12 Personel Polres Lubuk Linggau terjerat Pelanggaran Disiplin dan Kode Etik
Kasi Propam Polres Lubuk Linggau, Iptu Gurit Trisilo--
LUBUK LINGGAU, PALPRES.COM- Sebanyak 12 personel Polres Kota Lubuk Linggau, Polda Sumsel mendapatkan sanksi kode etik dan disiplin selama tahun 2025. Pelanggaran tersebut mulai dari terjerat pemeriksaan tes urine sampai penyalagunaan wewenang.
Kapolres Lubuk Linggau, AKBP Adithia Bagus Arjunasi melalui Kasi Propam Polres Lubuklinggau Iptu Gurit Trisilo menyebutkan, dari pelanggaran tersebut sebanyak 12 personel melakukan pelanggaran kode etik. Adapun pelanggaran kode etik yang dilakukan personel tersebut diantaranya 4 kasus asusila.
"Kemudian 3 narkoba, 1 penelantaran keluarga, 1 utang piutang, 1 penyalahgunaan wewenang dan sisanya tes urine positif narkoba," kata Kasi Propam pada Rabu, 29 Oktober 2025.
Sedangkan personel yang tersandung kasus narkoba berat, sambungnya, diberikan sanksi PTDH (Pemberhentian Tidak Dengan Hormat). Dimana untuk pemberian sanksi berat itu telah dilakukan terhadap 2 orang personel.
BACA JUGA:Harga Emas Turun Lagi, Cek Harga Emas UBS dan Galeri 24 di Pegadaian 29 Oktober 2025
"Dua lagi masih berproses, terancam PTDH, ditambah lagi bila kasusnya sudah lebih dari satu kali sanksinya PTDH," ujarnya.
Namun pihaknya mengaku bila anggota tersebut telah dilakukan pembinaan dan tetap mengulangi perbuatannya, maka proses PTDH dilakukan.
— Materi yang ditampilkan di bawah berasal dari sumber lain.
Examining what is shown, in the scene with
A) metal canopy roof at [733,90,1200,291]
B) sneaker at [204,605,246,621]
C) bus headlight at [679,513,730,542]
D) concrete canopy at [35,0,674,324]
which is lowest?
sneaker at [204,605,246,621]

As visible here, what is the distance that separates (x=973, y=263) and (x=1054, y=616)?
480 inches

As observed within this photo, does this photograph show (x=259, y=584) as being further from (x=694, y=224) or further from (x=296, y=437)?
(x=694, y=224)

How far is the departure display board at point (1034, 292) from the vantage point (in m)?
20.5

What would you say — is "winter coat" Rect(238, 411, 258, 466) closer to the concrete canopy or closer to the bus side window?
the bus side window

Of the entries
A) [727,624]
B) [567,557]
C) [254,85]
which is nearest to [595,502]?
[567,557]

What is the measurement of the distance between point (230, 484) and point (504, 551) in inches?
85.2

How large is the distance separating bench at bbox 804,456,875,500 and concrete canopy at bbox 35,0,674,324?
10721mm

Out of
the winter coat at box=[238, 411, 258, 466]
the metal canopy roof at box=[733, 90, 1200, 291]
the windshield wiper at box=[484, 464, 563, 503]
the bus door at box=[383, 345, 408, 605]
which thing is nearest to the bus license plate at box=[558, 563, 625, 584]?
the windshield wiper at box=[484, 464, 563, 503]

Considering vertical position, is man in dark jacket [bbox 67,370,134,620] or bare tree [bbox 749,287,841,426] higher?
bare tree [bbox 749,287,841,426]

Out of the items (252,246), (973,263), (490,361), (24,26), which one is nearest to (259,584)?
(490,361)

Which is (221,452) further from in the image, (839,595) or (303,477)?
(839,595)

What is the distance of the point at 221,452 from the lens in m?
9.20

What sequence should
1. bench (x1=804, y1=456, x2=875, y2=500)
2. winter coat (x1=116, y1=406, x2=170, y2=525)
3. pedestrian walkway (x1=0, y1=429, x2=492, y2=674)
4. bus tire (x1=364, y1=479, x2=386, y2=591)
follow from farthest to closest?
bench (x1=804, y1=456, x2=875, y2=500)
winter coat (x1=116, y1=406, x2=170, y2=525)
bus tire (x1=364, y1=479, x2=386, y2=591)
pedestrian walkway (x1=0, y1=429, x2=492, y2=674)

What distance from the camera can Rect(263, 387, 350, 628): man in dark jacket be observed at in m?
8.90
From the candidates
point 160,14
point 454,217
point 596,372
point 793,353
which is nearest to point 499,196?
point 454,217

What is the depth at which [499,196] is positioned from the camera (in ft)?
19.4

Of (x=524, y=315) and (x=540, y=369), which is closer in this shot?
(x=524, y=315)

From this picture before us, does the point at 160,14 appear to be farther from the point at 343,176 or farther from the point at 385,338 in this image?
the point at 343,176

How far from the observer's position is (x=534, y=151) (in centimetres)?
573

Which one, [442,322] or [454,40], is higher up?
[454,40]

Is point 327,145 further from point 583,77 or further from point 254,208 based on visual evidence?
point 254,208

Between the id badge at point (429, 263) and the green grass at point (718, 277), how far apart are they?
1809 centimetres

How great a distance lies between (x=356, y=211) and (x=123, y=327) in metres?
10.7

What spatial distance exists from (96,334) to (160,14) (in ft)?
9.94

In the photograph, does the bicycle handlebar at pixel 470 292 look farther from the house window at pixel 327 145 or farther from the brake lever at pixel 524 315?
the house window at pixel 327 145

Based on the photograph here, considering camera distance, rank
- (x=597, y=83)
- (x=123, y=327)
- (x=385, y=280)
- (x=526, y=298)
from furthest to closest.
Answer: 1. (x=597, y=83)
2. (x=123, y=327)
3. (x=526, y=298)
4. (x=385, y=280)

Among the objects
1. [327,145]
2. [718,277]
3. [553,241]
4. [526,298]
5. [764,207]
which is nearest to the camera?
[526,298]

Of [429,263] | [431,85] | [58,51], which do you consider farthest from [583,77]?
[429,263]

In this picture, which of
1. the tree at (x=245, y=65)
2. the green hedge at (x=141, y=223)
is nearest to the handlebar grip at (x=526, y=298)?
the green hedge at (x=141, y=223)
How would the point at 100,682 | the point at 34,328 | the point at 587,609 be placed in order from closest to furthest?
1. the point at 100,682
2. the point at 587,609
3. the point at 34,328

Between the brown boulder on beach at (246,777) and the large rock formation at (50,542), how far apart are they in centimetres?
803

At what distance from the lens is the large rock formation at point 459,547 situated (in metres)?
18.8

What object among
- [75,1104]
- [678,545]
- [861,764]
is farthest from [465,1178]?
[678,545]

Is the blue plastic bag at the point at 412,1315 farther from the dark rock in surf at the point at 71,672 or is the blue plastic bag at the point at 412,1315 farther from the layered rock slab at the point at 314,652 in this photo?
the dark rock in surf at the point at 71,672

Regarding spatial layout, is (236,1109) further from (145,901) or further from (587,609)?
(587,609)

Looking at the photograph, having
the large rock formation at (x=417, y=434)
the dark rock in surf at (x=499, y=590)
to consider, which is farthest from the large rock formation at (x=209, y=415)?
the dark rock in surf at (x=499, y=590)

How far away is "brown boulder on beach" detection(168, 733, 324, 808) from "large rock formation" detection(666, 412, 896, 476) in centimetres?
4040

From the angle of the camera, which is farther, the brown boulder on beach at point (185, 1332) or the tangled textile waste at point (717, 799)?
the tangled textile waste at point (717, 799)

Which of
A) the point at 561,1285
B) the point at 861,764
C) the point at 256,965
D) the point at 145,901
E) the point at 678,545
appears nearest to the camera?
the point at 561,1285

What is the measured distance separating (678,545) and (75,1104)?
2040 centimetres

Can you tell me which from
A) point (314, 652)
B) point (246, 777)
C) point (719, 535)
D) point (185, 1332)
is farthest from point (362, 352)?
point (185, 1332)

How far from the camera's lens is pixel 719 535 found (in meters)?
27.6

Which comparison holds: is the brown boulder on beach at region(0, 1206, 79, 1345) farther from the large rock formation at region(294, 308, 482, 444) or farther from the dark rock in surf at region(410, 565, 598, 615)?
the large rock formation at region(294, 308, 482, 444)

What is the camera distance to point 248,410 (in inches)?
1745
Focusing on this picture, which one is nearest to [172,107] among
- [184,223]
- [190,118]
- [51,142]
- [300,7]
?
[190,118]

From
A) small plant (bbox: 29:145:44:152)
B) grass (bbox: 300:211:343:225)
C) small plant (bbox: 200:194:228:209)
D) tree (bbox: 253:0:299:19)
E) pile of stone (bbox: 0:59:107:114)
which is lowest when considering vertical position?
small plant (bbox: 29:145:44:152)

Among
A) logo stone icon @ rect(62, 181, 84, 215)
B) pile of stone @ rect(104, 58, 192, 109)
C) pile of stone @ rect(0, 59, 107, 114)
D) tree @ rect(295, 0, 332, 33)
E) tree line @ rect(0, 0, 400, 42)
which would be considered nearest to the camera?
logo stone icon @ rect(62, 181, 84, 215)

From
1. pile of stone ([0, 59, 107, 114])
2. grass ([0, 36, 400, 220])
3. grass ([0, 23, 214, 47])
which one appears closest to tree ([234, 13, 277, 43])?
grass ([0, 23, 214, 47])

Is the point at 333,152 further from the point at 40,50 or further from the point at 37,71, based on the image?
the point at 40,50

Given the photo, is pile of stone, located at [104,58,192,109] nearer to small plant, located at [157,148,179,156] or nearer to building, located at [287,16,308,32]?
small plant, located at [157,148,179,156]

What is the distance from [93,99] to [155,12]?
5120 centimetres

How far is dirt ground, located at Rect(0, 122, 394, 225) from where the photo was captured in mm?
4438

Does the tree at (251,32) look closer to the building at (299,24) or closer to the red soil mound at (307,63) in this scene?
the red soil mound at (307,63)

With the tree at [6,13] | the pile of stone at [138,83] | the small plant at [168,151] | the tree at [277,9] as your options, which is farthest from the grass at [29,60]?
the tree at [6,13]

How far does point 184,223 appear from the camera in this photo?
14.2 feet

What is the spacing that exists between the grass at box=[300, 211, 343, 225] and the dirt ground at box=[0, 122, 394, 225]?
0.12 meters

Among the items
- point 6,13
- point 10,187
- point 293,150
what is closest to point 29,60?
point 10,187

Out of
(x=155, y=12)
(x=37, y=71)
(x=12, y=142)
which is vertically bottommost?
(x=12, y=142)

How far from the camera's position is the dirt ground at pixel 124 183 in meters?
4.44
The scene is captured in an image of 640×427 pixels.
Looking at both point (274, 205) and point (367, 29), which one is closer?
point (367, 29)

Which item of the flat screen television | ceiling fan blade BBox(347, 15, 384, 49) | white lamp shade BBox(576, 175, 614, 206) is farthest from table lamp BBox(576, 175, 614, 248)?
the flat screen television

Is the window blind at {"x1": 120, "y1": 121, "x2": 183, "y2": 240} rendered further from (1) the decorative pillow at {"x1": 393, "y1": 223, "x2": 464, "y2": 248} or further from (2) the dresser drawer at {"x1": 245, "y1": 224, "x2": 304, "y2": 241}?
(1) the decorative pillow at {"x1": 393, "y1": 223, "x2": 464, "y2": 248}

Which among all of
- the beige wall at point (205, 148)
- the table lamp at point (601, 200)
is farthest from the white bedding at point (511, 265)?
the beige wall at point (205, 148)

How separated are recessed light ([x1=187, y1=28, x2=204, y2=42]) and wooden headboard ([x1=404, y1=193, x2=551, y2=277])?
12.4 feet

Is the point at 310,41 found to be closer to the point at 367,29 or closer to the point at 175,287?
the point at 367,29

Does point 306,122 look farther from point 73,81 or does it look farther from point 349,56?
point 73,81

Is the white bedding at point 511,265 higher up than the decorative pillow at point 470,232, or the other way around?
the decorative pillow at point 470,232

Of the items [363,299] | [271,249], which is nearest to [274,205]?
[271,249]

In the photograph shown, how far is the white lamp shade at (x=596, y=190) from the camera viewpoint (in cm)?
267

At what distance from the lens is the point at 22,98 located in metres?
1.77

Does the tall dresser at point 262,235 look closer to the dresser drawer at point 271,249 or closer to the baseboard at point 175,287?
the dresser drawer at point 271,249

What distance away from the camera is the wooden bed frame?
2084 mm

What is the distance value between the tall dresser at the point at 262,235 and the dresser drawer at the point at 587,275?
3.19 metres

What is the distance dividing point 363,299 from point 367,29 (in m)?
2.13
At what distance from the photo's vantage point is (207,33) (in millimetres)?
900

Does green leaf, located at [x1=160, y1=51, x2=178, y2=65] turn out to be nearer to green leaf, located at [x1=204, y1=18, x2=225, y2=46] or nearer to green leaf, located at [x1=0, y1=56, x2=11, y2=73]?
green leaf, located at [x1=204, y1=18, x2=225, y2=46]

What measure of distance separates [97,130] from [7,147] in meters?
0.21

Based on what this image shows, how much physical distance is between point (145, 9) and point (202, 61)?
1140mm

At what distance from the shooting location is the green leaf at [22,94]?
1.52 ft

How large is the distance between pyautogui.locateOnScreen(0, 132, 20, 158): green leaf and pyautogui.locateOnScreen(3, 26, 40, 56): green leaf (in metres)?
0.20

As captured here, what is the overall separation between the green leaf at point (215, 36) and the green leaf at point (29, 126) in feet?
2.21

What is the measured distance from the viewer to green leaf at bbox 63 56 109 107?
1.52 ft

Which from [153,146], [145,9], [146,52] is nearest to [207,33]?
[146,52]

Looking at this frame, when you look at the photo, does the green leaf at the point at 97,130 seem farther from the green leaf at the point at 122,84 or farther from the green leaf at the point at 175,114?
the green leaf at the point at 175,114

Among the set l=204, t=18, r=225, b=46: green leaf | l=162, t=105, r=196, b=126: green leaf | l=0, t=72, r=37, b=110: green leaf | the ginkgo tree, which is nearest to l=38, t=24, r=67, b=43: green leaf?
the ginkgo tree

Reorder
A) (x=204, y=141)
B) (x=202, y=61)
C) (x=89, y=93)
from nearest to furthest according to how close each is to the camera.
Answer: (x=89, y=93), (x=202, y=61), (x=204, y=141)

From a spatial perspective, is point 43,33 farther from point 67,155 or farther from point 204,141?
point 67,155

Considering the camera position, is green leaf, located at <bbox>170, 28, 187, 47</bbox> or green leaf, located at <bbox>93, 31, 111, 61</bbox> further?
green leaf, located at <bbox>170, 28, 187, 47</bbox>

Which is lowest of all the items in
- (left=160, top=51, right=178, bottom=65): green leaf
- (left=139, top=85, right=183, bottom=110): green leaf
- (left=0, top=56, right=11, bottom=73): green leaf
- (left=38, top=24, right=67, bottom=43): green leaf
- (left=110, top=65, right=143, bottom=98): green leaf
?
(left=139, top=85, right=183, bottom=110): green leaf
Dimana menurut Kasi Propam, personel yang tersandung pelanggaran narkoba sebagian besar alasan mereka karena terpengaruh lingkungan.
"Namun begitu khusus narkoba tidak ada tawar menawar lagi kalau memang tidak bisa dibina. Sebab dalam rangka pembinaan yang tertangkap urinenya positif, pertama kali dilakukan pembinaan, tapi kalau sudah berulang-ulang PTDH. Putusan tertinggi dan terberat ya di kode etik," tegasnya.
Kemudian untuk pelanggaran disiplin menurut Kasi Propam, rata-rata karena tidak masuk tanpa keterangan dan lalai dalam menjalankan dinas.